İşçi sınıfı, gerek uluslararası gerekse kendi ulusal mücadele tarihinden öğrenmesini ve yararlanmasını bilerek ilerleyebilir. Tarihsel tecrübe, kazanımla biten büyük işçi eylemlerinin; birinci olarak, fabrikalar ve işyerleri temelinde birliğin sağlam temellere oturtularak, inisiyatifin her durumda işçilerin ellerinde kalması sağlanarak, ikinci olarak, sınıfa karşı sınıf (siyasi) perspektifinden hareketle, sınıfın ana gövdesini birleştirecek (ekonomik ve siyasal) talepler için mücadele fikri öne çıkartılarak, ve üçüncü olarak da, sermaye ve burjuvazinin emekçileri bölmeye yönelik hamlelerini boşa çıkartacak çalışmalar cesaretle örgütlenerek başarıldığını göstermektedir. Diğer yandan, genel grev, genel direniş gibi birleşik eylemlerin, işçi sınıfının birbirinden bağımsız gibi görünen, lokal mevzi direniş ve eylemlerinin diyalektik bir süreç izleyerek ilerleyip gerçekleştiğini unutmamak gerekir. Bu yüzdendir ki, “lokal eylem ve direnişlerle bir yere varılamaz” diyerek, işçi ve emekçilerin sermayeye karşı verdiği günlük mücadeleleri küçümseyen eğilimlerin iler tutar bir yanı yoktur. Öyleyse, hangi düzeyde olursa olsun, “yakınmacı” eğilimlere prim tanınmamalıdır.

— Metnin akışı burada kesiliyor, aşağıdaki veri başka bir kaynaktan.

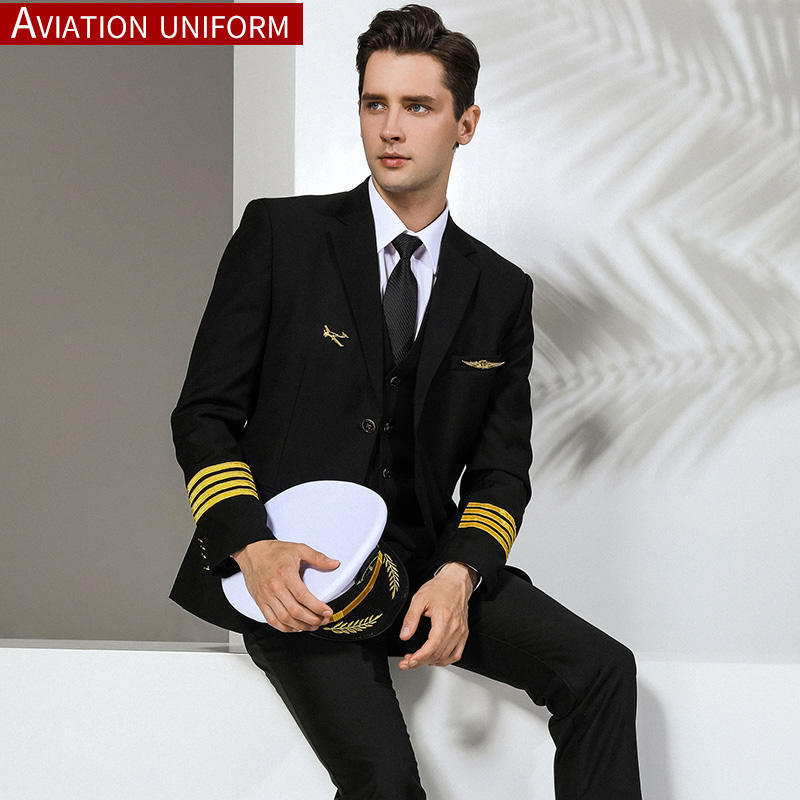 Wholesale Work Wear Officer Uniform New Design Men Airport Officer Uniform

Bugün de sermayenin saldırılarını bu perspektif ve tutumla yapılacak çalışmalarla püskürtmek mümkün olabilecektir. Egemenler, bir yandan uluslararası sermayenin istekleri doğrultusunda emekçi sınıflar ve halk üzerindeki ekonomik saldırılarını yoğunlaştırır, ABD emperyalizminin Genişletilmiş Ortadoğu Projesi’ne (GOP) ülkemizi bağlayan adımları atarken, öte yandan da, emekçileri ve halkı bölecek girişimleri devreye sokmaktadırlar. Kürt sorununda linç gösterileri eşliğinde estirilen şoven gerici-milliyetçi kışkırtmalar, bunun bir tezahürüdür. Bu gerici şoven dalgayı etkisizleştirecek teşhir ve aydınlatma faaliyetlerinin sınıf içinde örgütlenmesi, öncelikle yapılması gereken işlerin başında gelmektedir. İşçi ve emekçilerin acil ekonomik, sosyal taleplerinin yanında acil demokratik, siyasal talepleri de her fabrika toplantısında, işçi toplantılarında, her düzeydeki sendikal platformların gündemindeki yerini almalıdır. Bu bakımdan, yerel sendikal platformların bir yenilenmeye tabi tutulmaları gerekliliği ortaya çıkmaktadır.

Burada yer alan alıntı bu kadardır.